Learning Rust with my first real project

3 min, 570 words

Categories: Learnings

Tags: rust

I kinda had to learn Rust, because I sucked at C/C++ so badly. Once beyond the fun phase of copy-and-paste Adruino programming, my fascination with microcontrollers inevitably threw me back into the C/C++ nightmare of my college years. I could do Java/Scala/Python, but still clueless about how to properly manipulate strings in C/C++. So Rust was kinda my lifeboat.

And in order to learn Rust, I had to do a real project. After a few false starts, I stumbled upon a neat little project called xsv that can JOIN csv files with blazing speed. Kinda like what we use Spark for at work, except condensed into one tiny CLI tool. Eventually I found the one active fork called qsv maintained by friendly Joel and decided to jump in.

Here are a few takeaways from my very first real Rust project.

No need for Rust Debugger

I sunk in a few days trying to get LLDB and GDB debugging flow working. The payoff was too small. I am sure I would need such powerful tools someday, but for my simple and occasional needs, dbg!() is enough.

rustfmt is a Friend, and clippy is a Mentor_

I received some complaints for my first few PR's because I wasn't used to running cargo fmt. Same with cargo clippy. Then I found that I could be sloppy with my whitespaces and indentations as long as I run rustfmt later. And clippy made me feel like having a personal mentor standing over my shoulders to check my newbie Rust code.

Cargo Check on Save

I had disabled cargo-check-on-save for a while because my laptop would almost freeze with all the work it's doing. Then I read the first section of Zero to Production in Rust and decided to give it another try in order to decrease perceived compilation time. It made a night and day difference to my productivity! Compilation errors appear immediately after making changes, all visually annotated right with the source in vscode.

It's Okay to Upgrade the Compiler

I don't ever remember upgrading the compiler so frequently in Java or Python land. Just a few days after new Rust release, qsv would actually pick up new Rust language features, and I would be forced to upgrade my Rust version in order to compile. With Rustup, it just worked.

Rust likes Memory

It's easy to go over default stack size of 2MB with large arrays [u8] instead of vectors Vec<u8>.

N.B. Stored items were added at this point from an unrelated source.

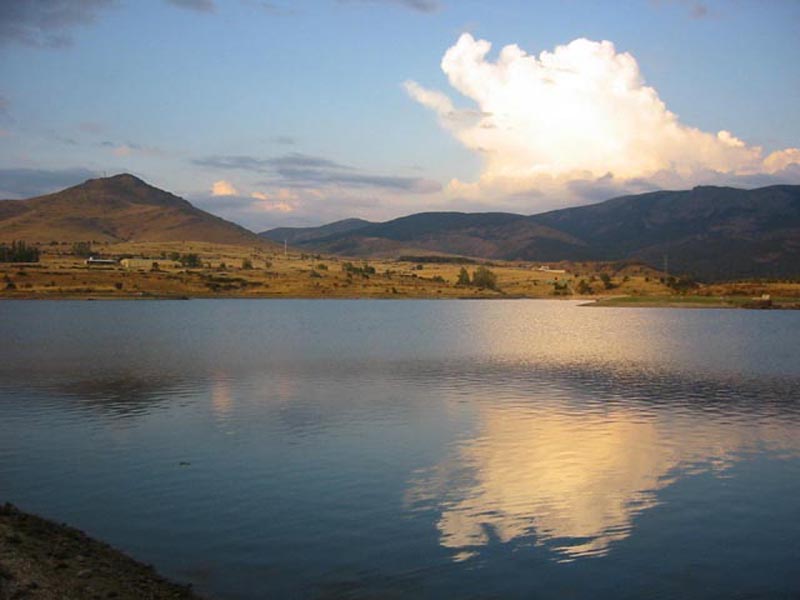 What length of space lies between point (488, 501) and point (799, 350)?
5915 cm

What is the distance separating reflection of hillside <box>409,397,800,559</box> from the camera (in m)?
20.1

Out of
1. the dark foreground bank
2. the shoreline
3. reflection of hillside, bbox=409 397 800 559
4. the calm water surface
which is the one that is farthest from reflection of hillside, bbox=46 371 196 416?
the shoreline

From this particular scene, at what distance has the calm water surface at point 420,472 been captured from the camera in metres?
17.3

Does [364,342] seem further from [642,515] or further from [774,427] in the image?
[642,515]

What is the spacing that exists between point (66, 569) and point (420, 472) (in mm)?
12527

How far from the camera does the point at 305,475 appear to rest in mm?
24844

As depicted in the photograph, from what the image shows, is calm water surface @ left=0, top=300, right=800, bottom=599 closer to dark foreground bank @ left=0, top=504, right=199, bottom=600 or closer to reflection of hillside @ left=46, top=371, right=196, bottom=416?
reflection of hillside @ left=46, top=371, right=196, bottom=416

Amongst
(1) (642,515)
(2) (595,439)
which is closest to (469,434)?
(2) (595,439)

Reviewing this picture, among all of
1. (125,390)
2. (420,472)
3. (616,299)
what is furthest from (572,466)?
(616,299)

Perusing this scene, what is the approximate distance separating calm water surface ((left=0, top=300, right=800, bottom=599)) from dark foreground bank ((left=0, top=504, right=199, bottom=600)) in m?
0.79

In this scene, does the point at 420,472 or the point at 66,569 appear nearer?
the point at 66,569

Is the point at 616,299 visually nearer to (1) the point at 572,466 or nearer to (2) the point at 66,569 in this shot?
(1) the point at 572,466

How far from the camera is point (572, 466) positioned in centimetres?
2661

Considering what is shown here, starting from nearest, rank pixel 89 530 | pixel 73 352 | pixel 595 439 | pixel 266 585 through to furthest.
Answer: pixel 266 585, pixel 89 530, pixel 595 439, pixel 73 352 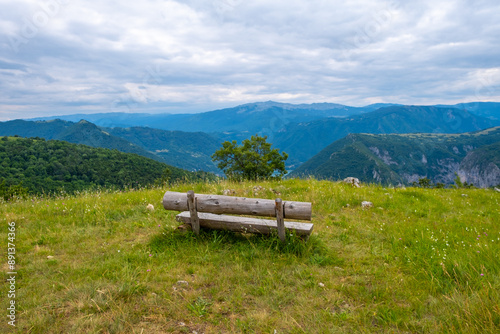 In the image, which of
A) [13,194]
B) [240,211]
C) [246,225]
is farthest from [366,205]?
[13,194]

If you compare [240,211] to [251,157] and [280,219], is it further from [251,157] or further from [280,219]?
[251,157]

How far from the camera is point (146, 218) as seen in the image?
327 inches

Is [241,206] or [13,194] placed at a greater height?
[241,206]

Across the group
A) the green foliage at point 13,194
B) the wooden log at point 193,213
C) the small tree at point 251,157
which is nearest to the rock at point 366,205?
the wooden log at point 193,213

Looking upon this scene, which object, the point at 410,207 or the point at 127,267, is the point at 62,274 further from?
the point at 410,207

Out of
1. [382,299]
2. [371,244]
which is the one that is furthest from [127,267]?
[371,244]

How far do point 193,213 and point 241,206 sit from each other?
1221 mm

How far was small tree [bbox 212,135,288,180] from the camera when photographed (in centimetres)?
Result: 4281

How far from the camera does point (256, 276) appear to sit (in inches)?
201

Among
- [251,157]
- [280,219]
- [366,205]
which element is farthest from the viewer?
[251,157]

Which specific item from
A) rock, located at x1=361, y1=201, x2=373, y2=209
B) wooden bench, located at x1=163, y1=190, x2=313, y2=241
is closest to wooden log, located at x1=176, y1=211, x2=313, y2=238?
wooden bench, located at x1=163, y1=190, x2=313, y2=241

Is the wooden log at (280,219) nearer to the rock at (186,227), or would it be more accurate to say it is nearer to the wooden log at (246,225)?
the wooden log at (246,225)

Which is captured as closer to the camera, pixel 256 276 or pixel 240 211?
pixel 256 276

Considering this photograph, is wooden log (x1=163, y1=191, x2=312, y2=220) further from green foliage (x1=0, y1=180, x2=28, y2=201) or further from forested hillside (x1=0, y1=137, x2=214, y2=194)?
forested hillside (x1=0, y1=137, x2=214, y2=194) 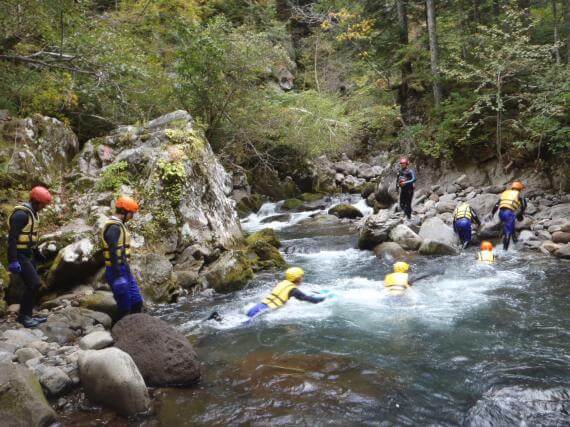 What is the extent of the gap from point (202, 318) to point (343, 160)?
909 inches

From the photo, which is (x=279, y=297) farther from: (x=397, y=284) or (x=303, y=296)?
(x=397, y=284)

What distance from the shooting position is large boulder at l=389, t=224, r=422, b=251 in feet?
36.1

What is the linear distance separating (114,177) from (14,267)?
Result: 159 inches

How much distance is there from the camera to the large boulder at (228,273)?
8.24 meters

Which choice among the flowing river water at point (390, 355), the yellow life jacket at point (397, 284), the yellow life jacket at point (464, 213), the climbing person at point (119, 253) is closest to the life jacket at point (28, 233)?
the climbing person at point (119, 253)

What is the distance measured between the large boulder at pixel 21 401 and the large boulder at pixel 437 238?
892cm

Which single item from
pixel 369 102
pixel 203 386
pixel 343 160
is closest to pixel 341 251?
pixel 203 386

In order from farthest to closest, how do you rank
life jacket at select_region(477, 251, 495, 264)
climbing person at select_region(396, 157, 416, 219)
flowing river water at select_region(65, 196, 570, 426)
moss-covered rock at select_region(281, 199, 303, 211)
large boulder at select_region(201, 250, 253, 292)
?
moss-covered rock at select_region(281, 199, 303, 211) → climbing person at select_region(396, 157, 416, 219) → life jacket at select_region(477, 251, 495, 264) → large boulder at select_region(201, 250, 253, 292) → flowing river water at select_region(65, 196, 570, 426)

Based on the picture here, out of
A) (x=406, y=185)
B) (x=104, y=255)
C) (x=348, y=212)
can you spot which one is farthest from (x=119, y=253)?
(x=348, y=212)

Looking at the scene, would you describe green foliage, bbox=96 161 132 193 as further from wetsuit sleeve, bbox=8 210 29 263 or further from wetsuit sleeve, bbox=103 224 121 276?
wetsuit sleeve, bbox=103 224 121 276

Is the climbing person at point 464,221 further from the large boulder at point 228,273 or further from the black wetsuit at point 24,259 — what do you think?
the black wetsuit at point 24,259

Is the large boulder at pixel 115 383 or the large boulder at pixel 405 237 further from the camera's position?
the large boulder at pixel 405 237

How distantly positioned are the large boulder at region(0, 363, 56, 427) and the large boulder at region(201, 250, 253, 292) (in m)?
4.56

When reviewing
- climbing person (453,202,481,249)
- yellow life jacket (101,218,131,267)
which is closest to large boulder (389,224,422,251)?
climbing person (453,202,481,249) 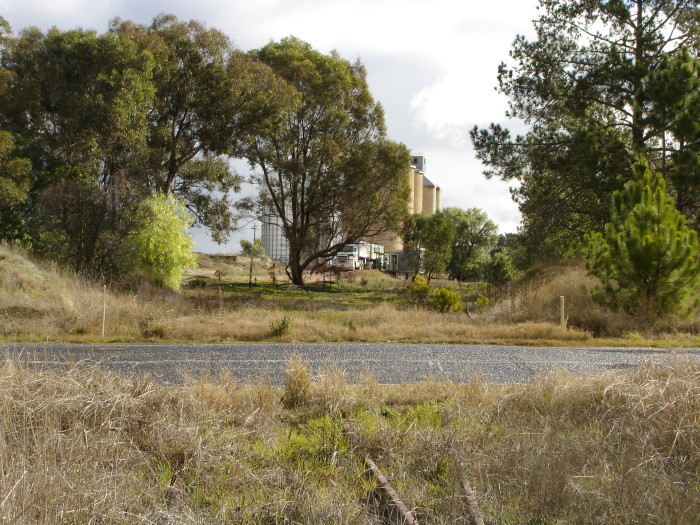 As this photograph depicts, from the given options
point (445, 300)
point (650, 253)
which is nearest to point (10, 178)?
point (445, 300)

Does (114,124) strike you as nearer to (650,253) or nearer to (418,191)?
(650,253)

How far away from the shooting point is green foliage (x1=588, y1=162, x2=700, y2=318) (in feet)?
54.2

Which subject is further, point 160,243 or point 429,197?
point 429,197

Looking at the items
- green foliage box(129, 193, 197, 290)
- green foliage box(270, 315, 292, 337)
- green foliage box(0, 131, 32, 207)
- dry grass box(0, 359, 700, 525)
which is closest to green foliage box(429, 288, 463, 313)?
green foliage box(270, 315, 292, 337)

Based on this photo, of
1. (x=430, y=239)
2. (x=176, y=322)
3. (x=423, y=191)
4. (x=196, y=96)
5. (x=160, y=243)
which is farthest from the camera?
(x=423, y=191)

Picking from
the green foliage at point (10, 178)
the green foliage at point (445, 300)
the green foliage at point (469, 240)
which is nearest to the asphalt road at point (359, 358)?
the green foliage at point (445, 300)

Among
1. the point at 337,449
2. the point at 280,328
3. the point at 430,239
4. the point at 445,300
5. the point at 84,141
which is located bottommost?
the point at 337,449

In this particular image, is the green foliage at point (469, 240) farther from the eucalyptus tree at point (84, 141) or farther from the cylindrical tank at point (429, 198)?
the eucalyptus tree at point (84, 141)

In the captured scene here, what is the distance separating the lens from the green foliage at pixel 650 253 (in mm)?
16516

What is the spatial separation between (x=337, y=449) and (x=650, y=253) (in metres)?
13.4

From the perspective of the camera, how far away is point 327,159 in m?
38.7

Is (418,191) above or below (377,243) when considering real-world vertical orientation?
above

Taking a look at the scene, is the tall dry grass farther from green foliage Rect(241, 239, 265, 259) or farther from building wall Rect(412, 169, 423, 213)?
building wall Rect(412, 169, 423, 213)

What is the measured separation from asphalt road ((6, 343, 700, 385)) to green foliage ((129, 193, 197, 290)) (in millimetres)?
11586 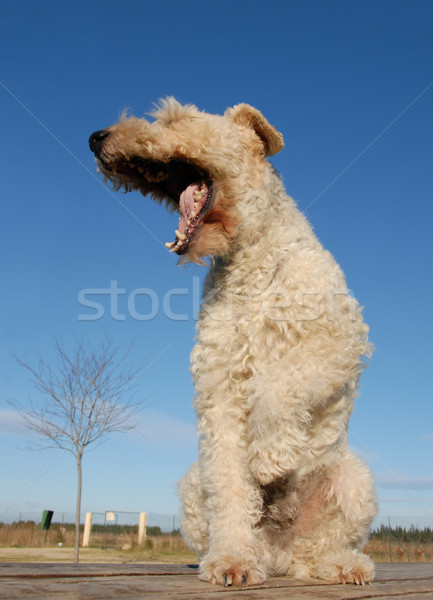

And because Rust works so well, sometimes we forget and try to load really large files that exhausts hardware RAM. It's amazing that there's no segmentation fault!

Serde is Slow, and so is Clone()

Serde is used pervasively in Rust. Convenience is costly though. Fast code needs to avoid serde.

Sprinkling clone() around is probably the easiest way to silence borrow-checker errors. But payment may come due in terms of performance. Write correct Rust code without resorting to clone().

Rayon and Streaming Data

It would seem that Rayon parallel processing wouldn't work with streaming data because data would be arriving one at a time. I learned from More Stina Blog! that streaming data can first be put into batches, then Rayon parallel iterator can plow through them as usual.